■ PROBLEM
Your reply should consist only of the lines from the one with "Modern Comfort Minutes" through the end of the entries, transcribed exactly. Pictures stay out.

────

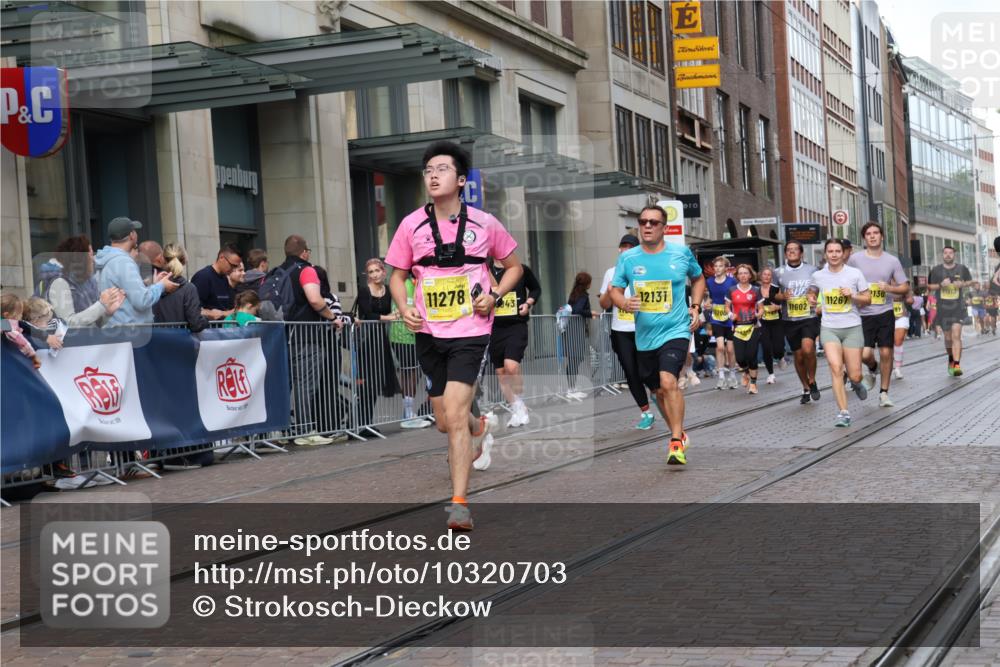13.09.2026 - 21. swb-Marathon Bremen Strokosch-Dieckow http://msf.ph/oto/10320703 13.09.2026 10:58:50 Ziel 10383, 10415, 10427, 10477, 10492, 10668, 10787, 10843, 11034, 11086, 11125, 11267, 11278, 11301, 11302, 11500, 11602, 11913, 12015, 12118, 12127, 12130, 12131, 12200, 12271, 12297, 12537, 12541, 10254, 10485, 10794, 10832, 10878, 10879, 10948, 11030, 11189, 11228, 11384, 11488, 11743, 11955, 12130, 12176, 12180, 12237, 12320, 12414, 12499, 12505 meine-sportfotos.de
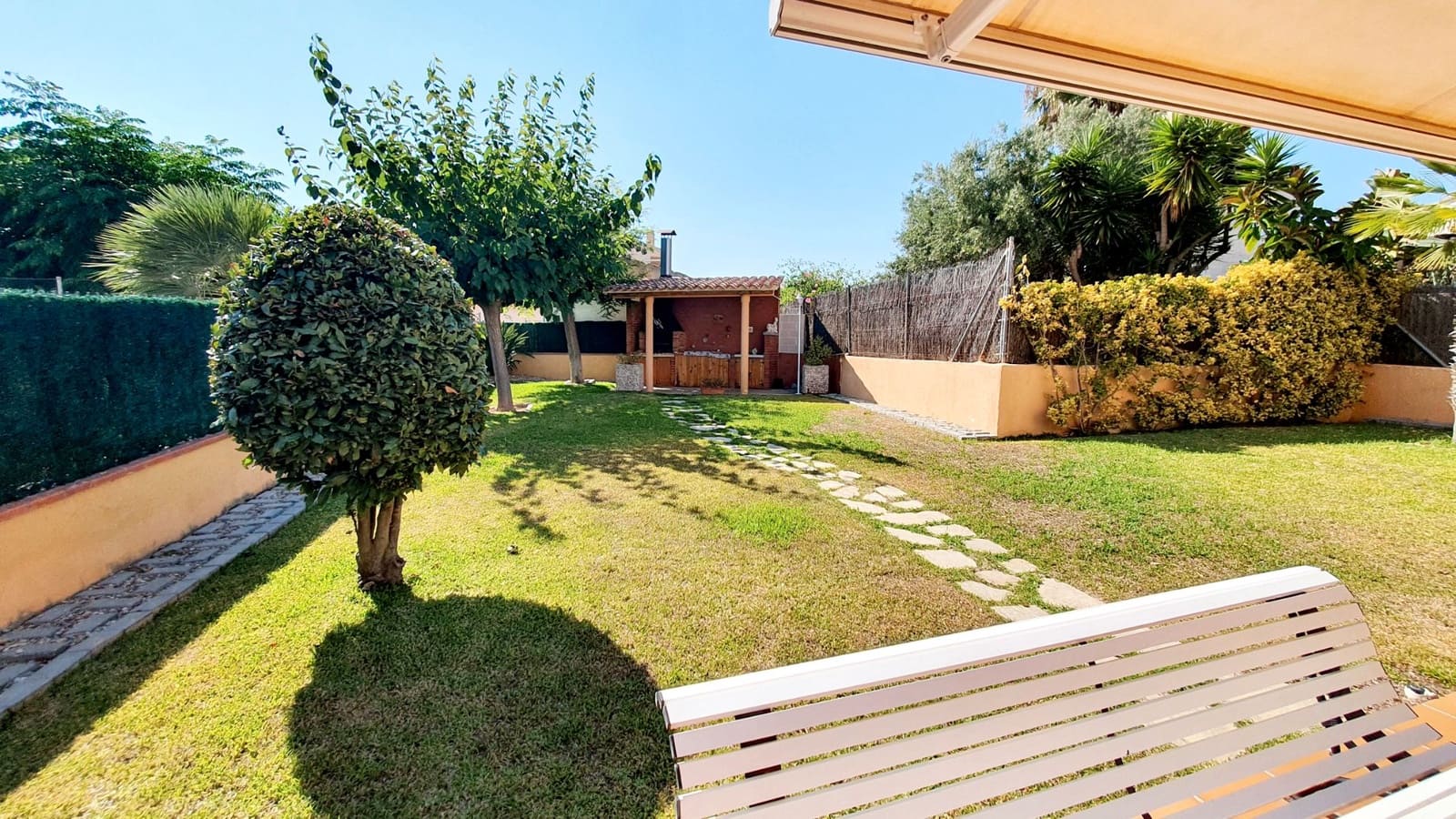 4 soveværelse Villa til salg i Calafell med swimmingpool garage - € 448.000 (Ref: 9707704)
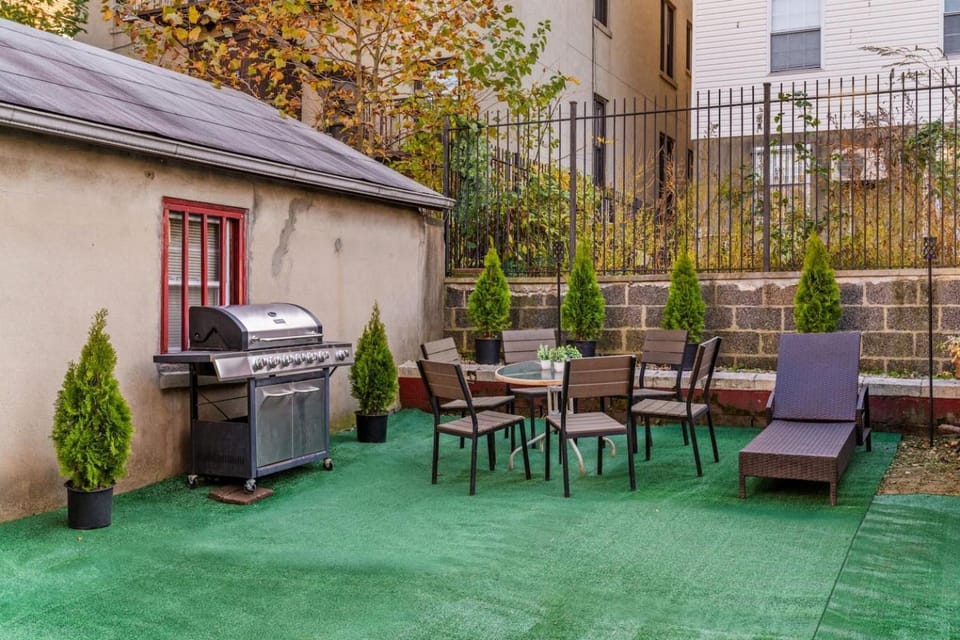 Modern Comfort Minutes from NYC, Free Parking Apartment in Secaucus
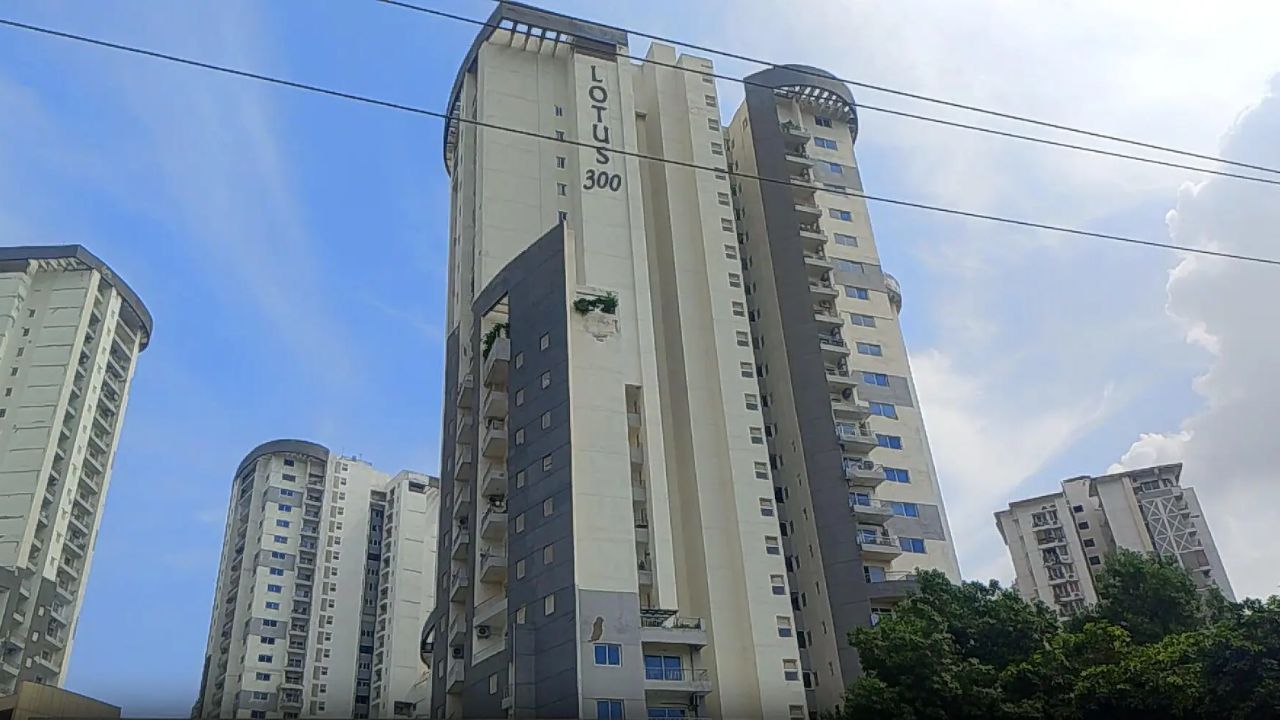 3C Lotus 300 Sector 107 Noida 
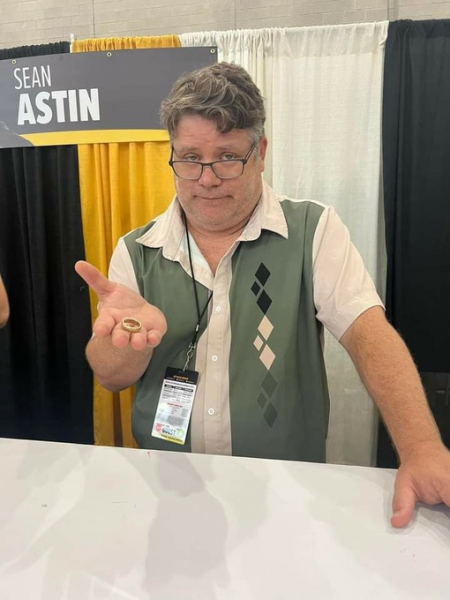 Трушные хоббиты в эту пятницу предлагают быть новым хранителем..3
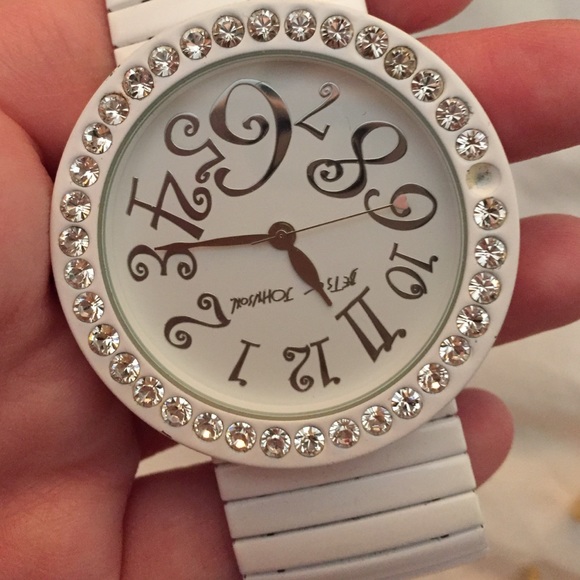 Watch - Picture 3 of 3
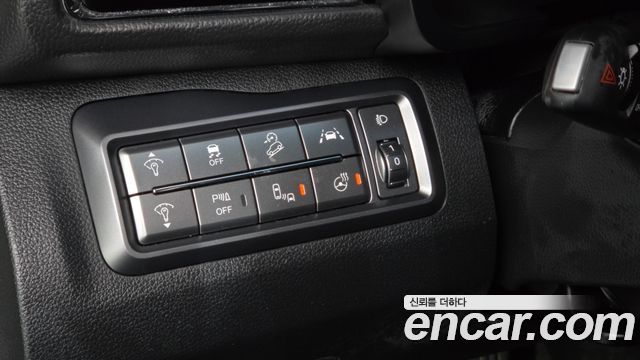 KG Mobility (SsangYong) Very New Tivoli Gasoline 1.5 2WD V3 Special 2021 — фото 19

────

■ EXERCISE RESULT
 Modern Comfort Minutes from NYC, Free Parking Apartment in Secaucus
 3C Lotus 300 Sector 107 Noida 
 Трушные хоббиты в эту пятницу предлагают быть новым хранителем..3
 Watch - Picture 3 of 3
 KG Mobility (SsangYong) Very New Tivoli Gasoline 1.5 2WD V3 Special 2021 — фото 19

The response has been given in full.